Collected data

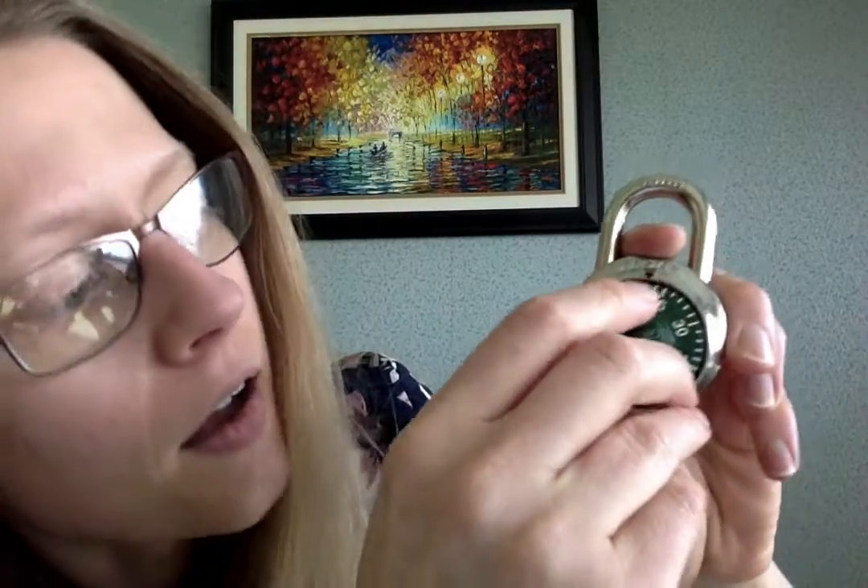Then the last number is 1. You're going to go clockwise until you get to the number — now clockwise until I get to number one.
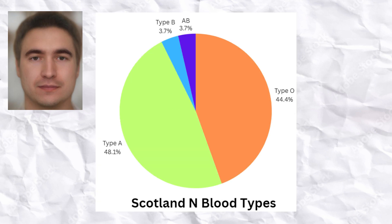The most common blood type among the Scottish Neolithic farmers was type A, followed by type O. Blood types B and AB were also observed among them.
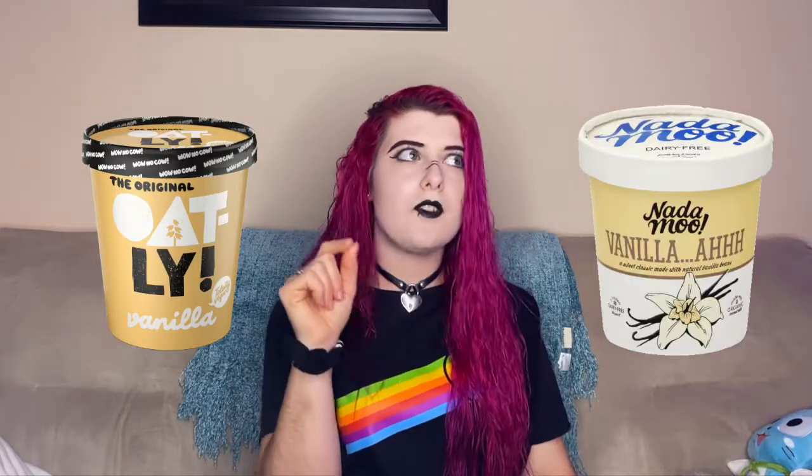And lastly, ice cream — perfect on top of warm apple pie. My two favorite vanilla ice creams are Oatly and Not a Moo. They are so creamy, delicious, and perfect with your Thanksgiving desserts.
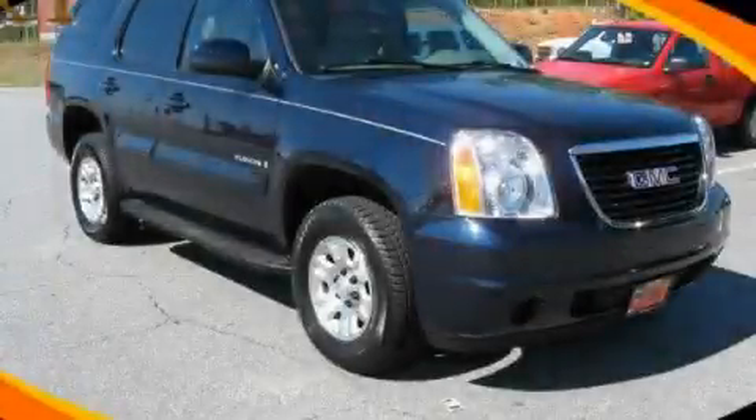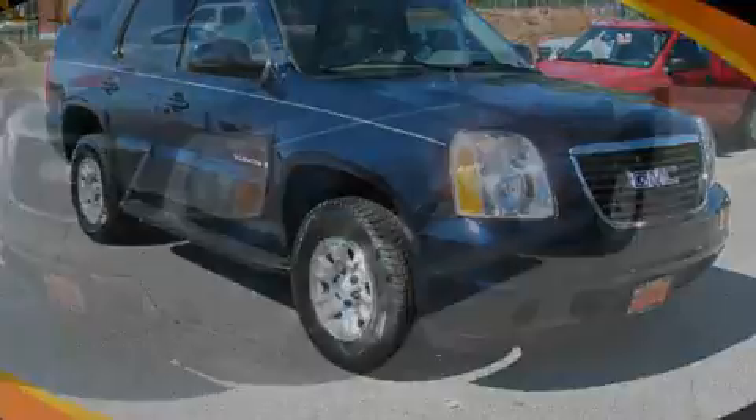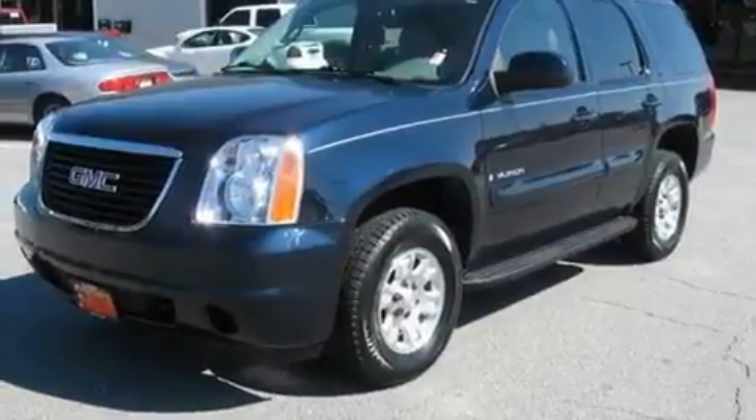This is a certified pre-owned 2008 GMC Yukon, a vehicle with safety, comfort, and space.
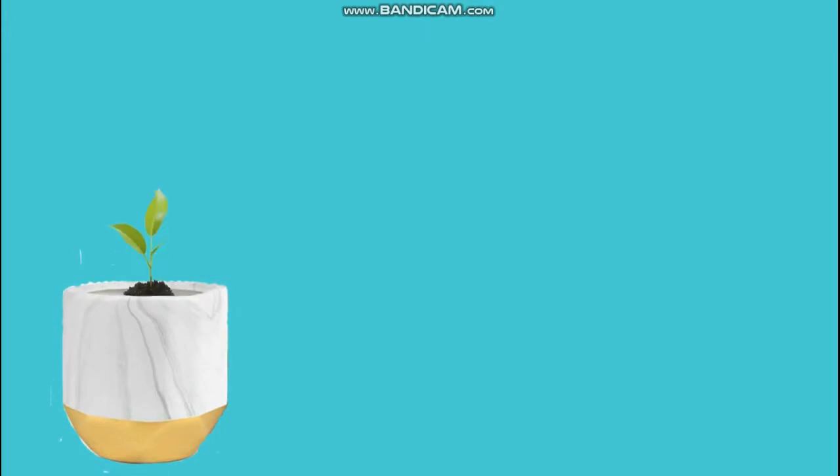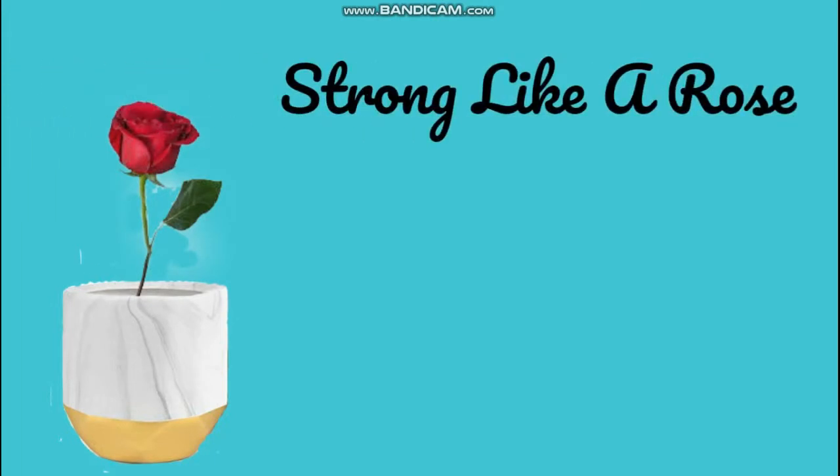Hi everybody, I'm Myla. I'm a Type 1 diabetic and in today's video I wanted to talk about how I keep track of my numbers. So let's get into it — what are the numbers and why do I have to keep track of them?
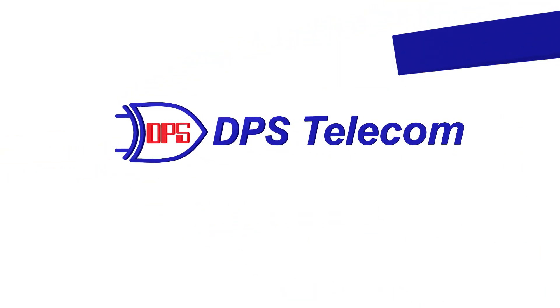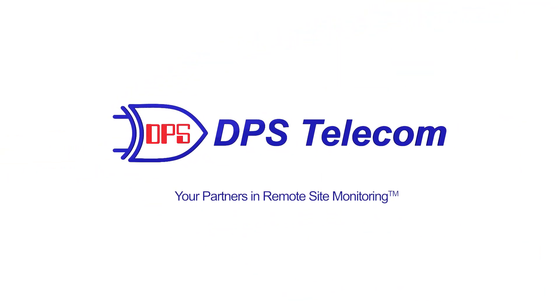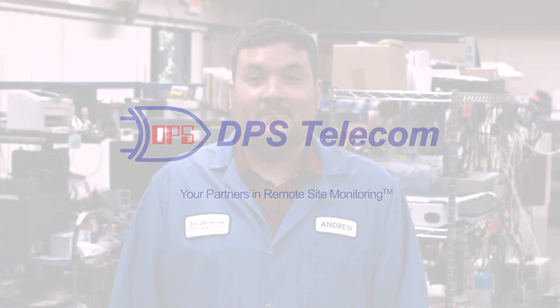If you have remote telecom tower sites, you really need to be thinking about remote monitoring. I'm going to show you the top three problems that a good monitoring system can help you detect. Hi, I'm Andrew from DPS and welcome back.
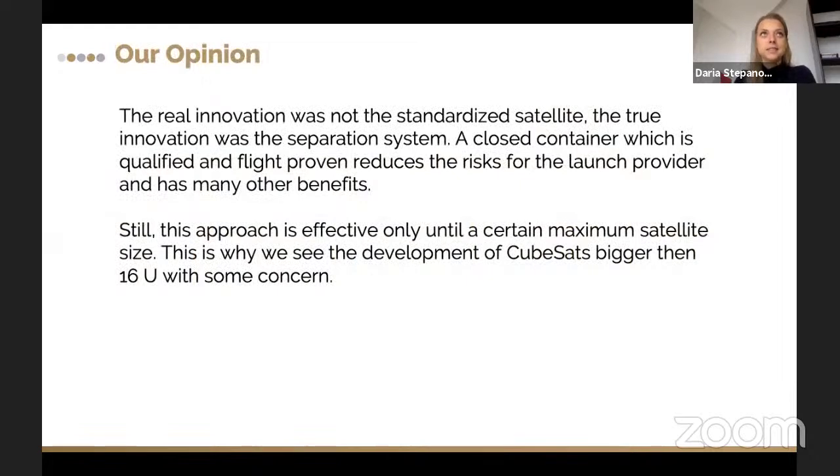The real innovation was not only the standardization of the satellite, but also the separation system. The container, which is qualified and flight-proven and can be installed in the launch vehicle, has many other benefits besides just reducing risks. The approach is pretty effective, but only until a certain size — which is why there are not so many CubeSats bigger than 16 units. The separation system handles all the mechanical, electrical, and vibration interfaces to the launch vehicle, significantly reducing risks for small satellites.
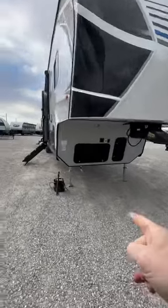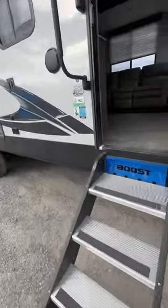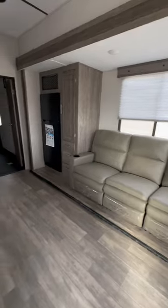The XLR Boost comes with a generator — it's a garage model, bath and a half. This is at the RV Exchange in Pahrump, Nevada, servicing Las Vegas, Bullhead City, and all of Nevada.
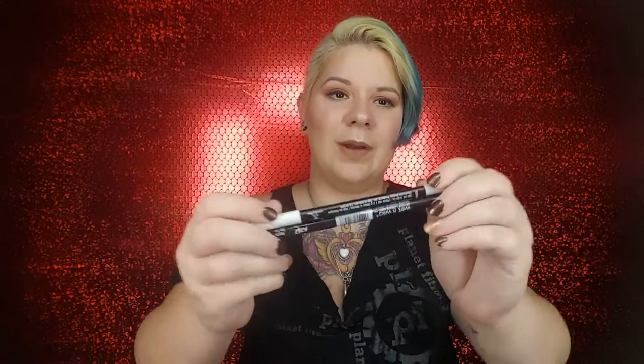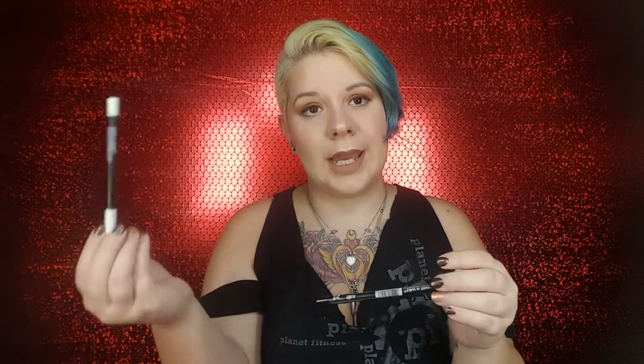Oh, I forgot — I have the Wet n Wild eyeliners. These are pretty good. This is 'To My Yang' and the black one — I didn't realize, it says 'You're the Yang to My Yang,' which is kind of cute. I've used the white one so far; the black one is still in its packaging. I might be using the black one soon but I got so many open now. I'm liking these so far.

WHAT THE TASK REQUIRES: Give back exactly the lines above that run from the one with "Hi everybody, I'm" to the one with "If you have", including both, with the pictures left out.

ANSWER BELOW:
Hi everybody, I'm Myla. I'm a Type 1 diabetic and in today's video I wanted to talk about how I keep track of my numbers. So let's get into it — what are the numbers and why do I have to keep track of them?
If you have remote telecom tower sites, you really need to be thinking about remote monitoring. I'm going to show you the top three problems that a good monitoring system can help you detect. Hi, I'm Andrew from DPS and welcome back.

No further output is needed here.